The metacritic scores range from 0 to 100. For this question, **ignore all games
that have a metacritic score of 0** (don't include them in the histogram).
Also, **don't remove duplicate games**. Leave them in. This might make the data
a little less accurate, but it simplifies the question.
Your histogram should consist of exactly 10 rectangles, each representing the
count of how many games are in a range of metacritic scores. The ranges are:
0 < rectangle 1 <= 10
10 < rectangle 2 <= 20
20 < rectangle 3 <= 30
30 < rectangle 4 <= 40
40 < rectangle 5 <= 50
50 < rectangle 6 <= 60
60 < rectangle 7 <= 70
70 < rectangle 8 <= 80
80 < rectangle 9 <= 90
90 < rectangle 10 <= 100
For example, rectangle 7 represents the number of games whose metacritic score
is greater than 60, and less than, or equal to, 70.
Again, games with a score of 0 are *not* counted.
As in the example below, at the top of each rectangle write the number of games.
Underneath the entire histogram, put a label saying what file the data is from.
Use the
[turtle.write](https://docs.python.org/3/library/turtle.html#turtle.write)
function to add text.
**You can assume that the maximum count for any metacritic score is 500**. So
make sure your histogram is entirely on the screen, and is as neatly drawn and
easy to read as in the example. Feel free to make yours look better, if you
like.
Here is the final histogram:
![histogram of asn_games.csv being drawn](histogramFinal_asn_games.png)
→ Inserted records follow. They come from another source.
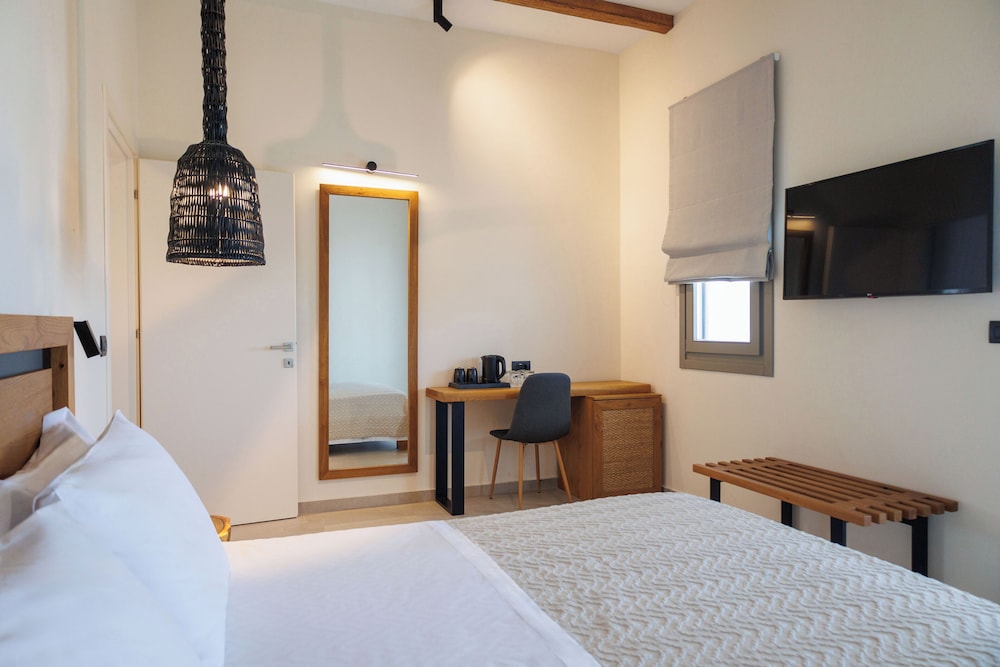 Deluxe Suite, Sea View - Photo 8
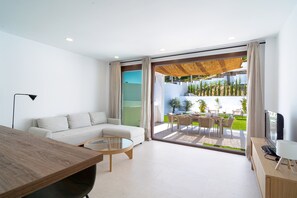 TV - Villas de Punta Lara 18 by Casasol (Nerja)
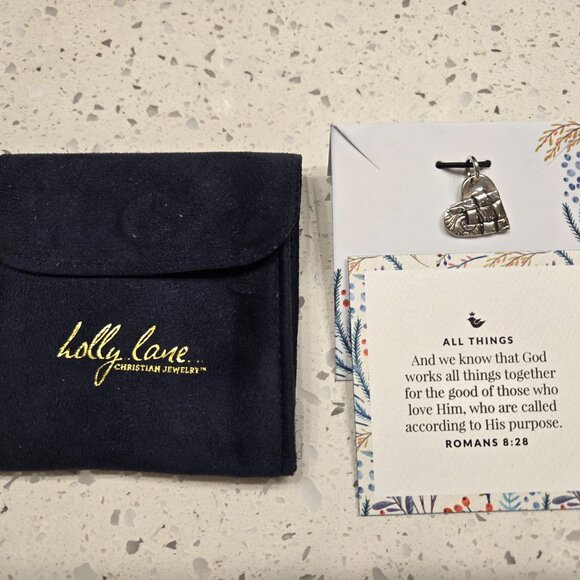 Holly Lane Heart Pendant *NEW* - Picture 4 of 5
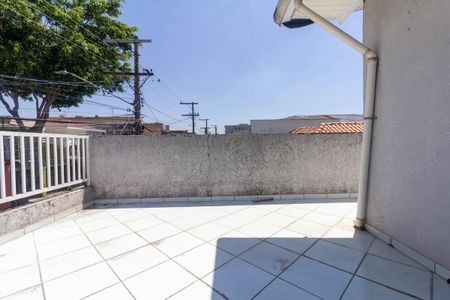 Casa para alugar com 125m², 3 quartos e 2 vagas Casa para alugar com 125m², 3 quartos e 2 vagasTerraço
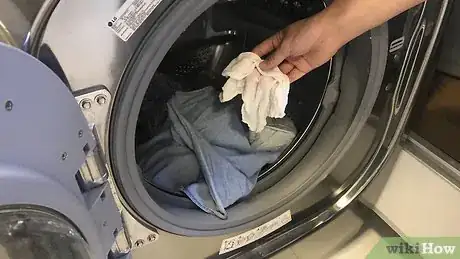 Image titled Make Dryer Sheets Step 20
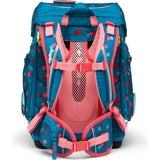 Der ergobag Cubo Set (2023) VoltiBär von ergobag ist ein blauer Kinderrucksack mit rosa und roten Tupfen, der mit einem ergonomischen Tragesystem, rosa gepolsterten Trägern, Netzrücken und verstellbaren Schnallen für Komfort sorgt.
And the histogram being drawn:
![histogram of asn_games.csv being drawn](histogramDrawing_asn_games.gif)
## Marking Scheme
**Question 1**: **2 marks** (1 for each part)
**Question 2**: **2 marks**
**Question 3**: **2 marks** (1 for each part)
**Question 4**: **2 marks** (1 for each part)
**Question 5**: **3 marks** (1 for each part)
**Question 6**
- **1 mark** for neatly drawn and spaced rectangles that are proportionally
correct
- **1 mark** for correct and readable counts on top of the rectangles
- **1 mark** for a correct and readable label under the histogram
- **1 mark** for the entire histogram being at least as neatly drawn and
readable as the one in the example (or better!)
**2 marks** overall: consistent indentation and spacing (all blank lines and
spaces should have a good reason for being there)
**1 mark** overall: all variable and function names are self-descriptive
**1 mark** overall: the length of all lines are less than, or equal to, 100
characters